Tuesday, 10 September 2019
Questions without Notice
Papua New Guinea: Defence Cooperation Program
My question is to the Minister for Defence, Senator Reynolds. Can the minister please update the Senate on Australia's cooperation with Papua New Guinea, our closest neighbour, and how it is improving stability in our region?
I thank Senator Scarr for that question. PNG is a country that I, like Senator Payne and many others in this chamber, have a deep respect and affinity for. I'm very proud to report to this chamber that Australia's defence partnership with Papua New Guinea is longstanding, deep and built on shared history and friendship—and I think, as Senator Payne would agree, on rugby league. My recent five-day visit to PNG last month for the 27th ministerial forum really reinforced the strength of our maritime, air, infrastructure and people-to-people links. It also coincided with the 40th anniversary of our Defence Cooperation Program—Australia's largest, at $42 million annually. It was wonderful to see the breadth and depth of the relationships that extend between our two forces. In Wewak, I opened Camp Key, a new PNGDF training facility at Moem Barracks, funded through the DCP. It was built by ADF and PNGDF soldiers working side by side under Exercise Puk Puk. I also saw strong people-to-people links on display at Wewak, with fully integrated ADF and PNGDF platoons working side by side, fully integrated, to develop their skills and their joint capabilities as part of Exercise Wantok Warrior.
Minister Soloma and I saw our air relationship in action when we travelled to his home town of Okapa in the DCP-funded PNGDF helicopter. Wonderfully, it was flown by army lieutenant Joshua Pondros, a pilot who completed his flying qualifications through the DCP.
I am confident that, as partners, we are working together, defence force by defence force, to support Papua New Guinea's sovereign priorities in the areas of nation-building infrastructure towards a resilient and sovereign Papua New Guinea. Together we are investing in the PNG of tomorrow to support a sovereign capability. (Time expired)
I thank the senator for that question, and yes I can. During the visit, I saw that, as maritime nations and near neighbours, Australia is working with PNG to address our shared maritime security challenges. During this visit, I travelled to Lombrum Naval Base on Manus Island, where Minister Soloma and I opened a new wharf facility that was funded through the DCP.
It was a joyous occasion, where I learned that my Manusian dancing style is probably not quite up to scratch! But it was a joyous occasion. This wharf will enable the PNGDF to berth and maintain its new Guardian class patrol boats and also enhance its capability to protect its borders and its maritime resources. Our increased cooperation in Manus is a natural extension of our assistance and work together under our Pacific Maritime Security Program, a 30-year program to build Papua New Guineans' maritime capability.

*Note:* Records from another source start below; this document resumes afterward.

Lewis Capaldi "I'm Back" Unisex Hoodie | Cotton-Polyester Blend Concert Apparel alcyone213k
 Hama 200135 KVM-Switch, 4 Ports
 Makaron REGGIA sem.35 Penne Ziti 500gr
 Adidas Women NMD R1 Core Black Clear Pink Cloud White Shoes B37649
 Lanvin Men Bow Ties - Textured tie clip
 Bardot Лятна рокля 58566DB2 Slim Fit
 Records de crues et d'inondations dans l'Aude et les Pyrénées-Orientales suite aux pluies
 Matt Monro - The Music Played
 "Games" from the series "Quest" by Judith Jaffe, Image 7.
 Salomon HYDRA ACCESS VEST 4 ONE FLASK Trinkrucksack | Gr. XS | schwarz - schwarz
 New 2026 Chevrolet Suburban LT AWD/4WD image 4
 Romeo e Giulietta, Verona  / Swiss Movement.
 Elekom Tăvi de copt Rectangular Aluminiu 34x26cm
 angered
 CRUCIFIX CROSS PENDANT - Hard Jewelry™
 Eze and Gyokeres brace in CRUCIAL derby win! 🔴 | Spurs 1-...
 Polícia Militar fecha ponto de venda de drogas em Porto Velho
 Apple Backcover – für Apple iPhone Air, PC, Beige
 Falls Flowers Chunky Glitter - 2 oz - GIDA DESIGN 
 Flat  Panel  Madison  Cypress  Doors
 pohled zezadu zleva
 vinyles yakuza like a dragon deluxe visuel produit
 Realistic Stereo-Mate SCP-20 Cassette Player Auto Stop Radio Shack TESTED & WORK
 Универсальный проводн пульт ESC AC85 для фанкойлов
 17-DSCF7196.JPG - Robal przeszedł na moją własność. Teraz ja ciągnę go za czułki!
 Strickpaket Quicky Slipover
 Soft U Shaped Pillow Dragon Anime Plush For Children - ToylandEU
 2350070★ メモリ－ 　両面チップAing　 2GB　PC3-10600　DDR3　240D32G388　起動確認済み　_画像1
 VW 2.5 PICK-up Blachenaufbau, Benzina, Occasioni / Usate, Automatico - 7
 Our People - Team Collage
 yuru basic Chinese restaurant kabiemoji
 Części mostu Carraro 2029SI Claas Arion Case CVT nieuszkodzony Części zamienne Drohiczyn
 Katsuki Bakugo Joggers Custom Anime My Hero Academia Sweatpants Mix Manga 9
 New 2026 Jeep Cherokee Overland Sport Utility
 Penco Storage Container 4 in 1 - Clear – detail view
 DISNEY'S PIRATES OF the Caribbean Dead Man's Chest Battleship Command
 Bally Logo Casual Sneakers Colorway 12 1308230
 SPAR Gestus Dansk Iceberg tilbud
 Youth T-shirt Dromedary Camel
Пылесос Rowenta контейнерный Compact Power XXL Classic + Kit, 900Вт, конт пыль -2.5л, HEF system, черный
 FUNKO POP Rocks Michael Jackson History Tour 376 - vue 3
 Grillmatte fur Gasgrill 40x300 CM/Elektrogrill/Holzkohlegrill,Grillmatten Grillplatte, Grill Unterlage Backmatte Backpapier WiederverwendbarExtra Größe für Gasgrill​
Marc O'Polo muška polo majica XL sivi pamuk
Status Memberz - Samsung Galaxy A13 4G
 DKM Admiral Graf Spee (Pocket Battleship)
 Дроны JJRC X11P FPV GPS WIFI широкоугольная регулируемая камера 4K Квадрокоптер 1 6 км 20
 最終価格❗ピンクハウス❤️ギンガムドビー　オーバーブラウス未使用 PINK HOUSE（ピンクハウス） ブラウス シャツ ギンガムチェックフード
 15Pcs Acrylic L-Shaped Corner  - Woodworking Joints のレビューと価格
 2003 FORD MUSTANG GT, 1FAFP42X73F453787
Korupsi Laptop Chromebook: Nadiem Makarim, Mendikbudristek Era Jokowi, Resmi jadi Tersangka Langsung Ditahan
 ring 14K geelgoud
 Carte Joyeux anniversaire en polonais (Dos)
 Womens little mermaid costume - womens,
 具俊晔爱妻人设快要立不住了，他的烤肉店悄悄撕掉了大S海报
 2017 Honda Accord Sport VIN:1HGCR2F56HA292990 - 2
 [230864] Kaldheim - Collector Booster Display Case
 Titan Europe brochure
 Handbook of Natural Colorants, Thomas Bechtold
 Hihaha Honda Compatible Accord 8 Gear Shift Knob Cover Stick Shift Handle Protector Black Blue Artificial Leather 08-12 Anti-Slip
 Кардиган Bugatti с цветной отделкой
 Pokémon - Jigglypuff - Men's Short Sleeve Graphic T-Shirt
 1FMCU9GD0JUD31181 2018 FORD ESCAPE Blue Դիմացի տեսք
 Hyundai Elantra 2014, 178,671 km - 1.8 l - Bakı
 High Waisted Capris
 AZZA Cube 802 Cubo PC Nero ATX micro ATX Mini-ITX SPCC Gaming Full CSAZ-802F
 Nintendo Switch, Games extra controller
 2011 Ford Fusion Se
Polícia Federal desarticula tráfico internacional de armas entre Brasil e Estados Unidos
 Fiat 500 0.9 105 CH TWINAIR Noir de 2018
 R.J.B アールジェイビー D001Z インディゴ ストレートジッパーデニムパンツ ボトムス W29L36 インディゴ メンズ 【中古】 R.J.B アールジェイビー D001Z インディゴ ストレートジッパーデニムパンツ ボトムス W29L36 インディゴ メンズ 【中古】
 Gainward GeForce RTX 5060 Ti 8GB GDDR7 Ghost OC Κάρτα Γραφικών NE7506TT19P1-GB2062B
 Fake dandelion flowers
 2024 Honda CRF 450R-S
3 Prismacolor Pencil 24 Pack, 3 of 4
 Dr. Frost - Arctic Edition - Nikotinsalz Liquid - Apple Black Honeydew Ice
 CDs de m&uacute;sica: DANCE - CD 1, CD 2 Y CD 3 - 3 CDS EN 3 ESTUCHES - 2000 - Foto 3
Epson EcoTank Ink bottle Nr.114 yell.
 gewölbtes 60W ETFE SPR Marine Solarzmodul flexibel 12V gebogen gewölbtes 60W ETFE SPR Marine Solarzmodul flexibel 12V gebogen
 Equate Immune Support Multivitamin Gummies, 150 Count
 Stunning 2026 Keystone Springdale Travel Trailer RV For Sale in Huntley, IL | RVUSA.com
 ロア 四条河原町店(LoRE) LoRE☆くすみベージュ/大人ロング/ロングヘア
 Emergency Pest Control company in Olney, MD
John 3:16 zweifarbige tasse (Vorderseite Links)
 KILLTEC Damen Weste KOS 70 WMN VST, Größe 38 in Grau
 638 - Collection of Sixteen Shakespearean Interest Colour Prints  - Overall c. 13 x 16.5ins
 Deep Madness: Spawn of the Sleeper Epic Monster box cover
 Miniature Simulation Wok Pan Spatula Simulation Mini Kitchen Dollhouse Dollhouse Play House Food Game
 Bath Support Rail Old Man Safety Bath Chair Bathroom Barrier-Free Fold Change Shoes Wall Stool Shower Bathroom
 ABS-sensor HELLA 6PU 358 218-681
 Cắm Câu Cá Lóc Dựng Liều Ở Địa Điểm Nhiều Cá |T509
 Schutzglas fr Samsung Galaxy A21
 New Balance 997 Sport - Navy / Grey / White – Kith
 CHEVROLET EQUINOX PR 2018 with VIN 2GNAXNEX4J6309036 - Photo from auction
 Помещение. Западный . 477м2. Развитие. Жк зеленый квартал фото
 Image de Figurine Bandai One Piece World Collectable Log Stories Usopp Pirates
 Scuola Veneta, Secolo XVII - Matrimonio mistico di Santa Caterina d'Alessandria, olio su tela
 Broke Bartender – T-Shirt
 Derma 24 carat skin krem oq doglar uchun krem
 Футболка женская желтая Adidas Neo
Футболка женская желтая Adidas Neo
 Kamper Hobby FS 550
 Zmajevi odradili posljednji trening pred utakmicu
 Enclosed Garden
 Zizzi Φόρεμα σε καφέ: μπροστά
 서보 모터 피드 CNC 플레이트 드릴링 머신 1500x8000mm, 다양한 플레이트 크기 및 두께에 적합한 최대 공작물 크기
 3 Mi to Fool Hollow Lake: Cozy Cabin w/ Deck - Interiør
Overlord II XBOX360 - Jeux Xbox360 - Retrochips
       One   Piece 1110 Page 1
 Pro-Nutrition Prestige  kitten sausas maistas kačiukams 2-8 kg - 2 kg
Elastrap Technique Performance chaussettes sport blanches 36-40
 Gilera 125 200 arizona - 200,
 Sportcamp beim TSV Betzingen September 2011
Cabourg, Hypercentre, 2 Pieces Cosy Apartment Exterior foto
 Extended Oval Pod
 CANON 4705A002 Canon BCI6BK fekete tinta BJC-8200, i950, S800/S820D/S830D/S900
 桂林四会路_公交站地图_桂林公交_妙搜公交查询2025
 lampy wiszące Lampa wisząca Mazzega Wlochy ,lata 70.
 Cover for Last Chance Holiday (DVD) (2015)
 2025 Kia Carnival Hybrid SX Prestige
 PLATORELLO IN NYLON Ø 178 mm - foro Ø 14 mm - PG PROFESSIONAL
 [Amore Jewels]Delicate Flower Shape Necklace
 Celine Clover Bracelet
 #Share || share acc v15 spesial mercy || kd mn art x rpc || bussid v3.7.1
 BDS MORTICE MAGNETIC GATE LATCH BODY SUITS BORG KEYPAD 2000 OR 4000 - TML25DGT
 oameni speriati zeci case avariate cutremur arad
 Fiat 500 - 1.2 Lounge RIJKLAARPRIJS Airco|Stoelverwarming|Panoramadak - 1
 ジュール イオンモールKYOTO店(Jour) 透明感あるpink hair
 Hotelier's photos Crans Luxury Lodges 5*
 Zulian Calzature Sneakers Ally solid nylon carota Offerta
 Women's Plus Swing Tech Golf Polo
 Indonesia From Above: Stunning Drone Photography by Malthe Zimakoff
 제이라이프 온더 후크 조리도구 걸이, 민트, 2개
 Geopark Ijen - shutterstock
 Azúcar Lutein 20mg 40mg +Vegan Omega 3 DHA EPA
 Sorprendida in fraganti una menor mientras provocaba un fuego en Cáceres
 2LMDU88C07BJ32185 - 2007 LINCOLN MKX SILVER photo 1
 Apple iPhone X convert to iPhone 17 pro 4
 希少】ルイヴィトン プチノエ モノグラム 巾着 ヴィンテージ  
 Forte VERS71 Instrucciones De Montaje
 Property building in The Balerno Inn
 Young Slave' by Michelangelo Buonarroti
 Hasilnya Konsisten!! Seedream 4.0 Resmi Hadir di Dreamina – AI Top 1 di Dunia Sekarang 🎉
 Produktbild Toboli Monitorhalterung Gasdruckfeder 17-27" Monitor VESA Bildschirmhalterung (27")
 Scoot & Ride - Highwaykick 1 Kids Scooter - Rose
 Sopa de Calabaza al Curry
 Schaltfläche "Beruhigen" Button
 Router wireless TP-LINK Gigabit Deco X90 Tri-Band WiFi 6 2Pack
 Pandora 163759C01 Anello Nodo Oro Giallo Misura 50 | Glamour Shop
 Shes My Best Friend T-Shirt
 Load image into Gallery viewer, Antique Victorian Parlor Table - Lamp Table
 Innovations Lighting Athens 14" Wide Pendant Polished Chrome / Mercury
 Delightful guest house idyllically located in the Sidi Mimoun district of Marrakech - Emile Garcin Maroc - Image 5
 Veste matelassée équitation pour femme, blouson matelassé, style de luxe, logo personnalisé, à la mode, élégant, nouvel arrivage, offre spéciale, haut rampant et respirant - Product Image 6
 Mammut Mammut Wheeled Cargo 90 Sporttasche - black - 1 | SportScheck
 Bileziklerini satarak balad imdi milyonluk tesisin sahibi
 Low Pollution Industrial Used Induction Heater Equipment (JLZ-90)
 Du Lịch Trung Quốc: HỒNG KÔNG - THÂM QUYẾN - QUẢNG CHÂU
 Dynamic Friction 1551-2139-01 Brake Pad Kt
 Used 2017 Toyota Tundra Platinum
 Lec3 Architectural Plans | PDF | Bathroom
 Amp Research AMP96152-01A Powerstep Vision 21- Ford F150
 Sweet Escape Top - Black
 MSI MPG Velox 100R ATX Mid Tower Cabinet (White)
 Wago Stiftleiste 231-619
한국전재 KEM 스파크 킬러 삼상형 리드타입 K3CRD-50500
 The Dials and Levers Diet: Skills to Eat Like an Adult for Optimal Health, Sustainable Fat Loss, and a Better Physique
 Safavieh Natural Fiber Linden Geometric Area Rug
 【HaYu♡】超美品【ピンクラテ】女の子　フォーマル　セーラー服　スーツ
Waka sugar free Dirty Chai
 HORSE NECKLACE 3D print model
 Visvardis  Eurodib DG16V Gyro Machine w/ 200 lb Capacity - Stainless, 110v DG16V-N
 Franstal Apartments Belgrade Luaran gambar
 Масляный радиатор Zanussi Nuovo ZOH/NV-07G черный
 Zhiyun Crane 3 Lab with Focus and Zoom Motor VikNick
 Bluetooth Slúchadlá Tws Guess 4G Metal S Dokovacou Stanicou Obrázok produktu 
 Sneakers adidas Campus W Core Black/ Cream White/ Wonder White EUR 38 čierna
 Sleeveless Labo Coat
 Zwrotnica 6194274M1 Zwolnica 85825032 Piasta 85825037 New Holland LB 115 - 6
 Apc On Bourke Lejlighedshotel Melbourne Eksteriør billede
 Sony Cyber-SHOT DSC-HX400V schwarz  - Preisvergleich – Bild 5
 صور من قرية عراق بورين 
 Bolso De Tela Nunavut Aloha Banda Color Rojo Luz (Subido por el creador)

Yes I can. During this visit to the region I also spent time in the Solomon Islands, where I was able to witness firsthand the deep defence engagement between our two nations. I was so proud to observe the Royal Solomon Islands Police Force and the Australian Defence Force working together, side by side, to conduct Exercise Coastwatchers in the Western and Choiseul provinces of Solomon Islands. This important activity is now in its third year, and it develops our forces' ability to plan, conduct and support remote policing and law enforcement activities and also, importantly, to exercise humanitarian assistance and disaster relief responses. This year's exercise was specifically focused on strengthening the Solomon Islands' ability to police remote areas of its exclusive economic zone, a high priority for the Solomon Islands' government and one that Australia was incredibly proud to support. I thank all of our men and women in uniform, both in PNG and in the Solomon Islands, doing the wonderful work that they are doing.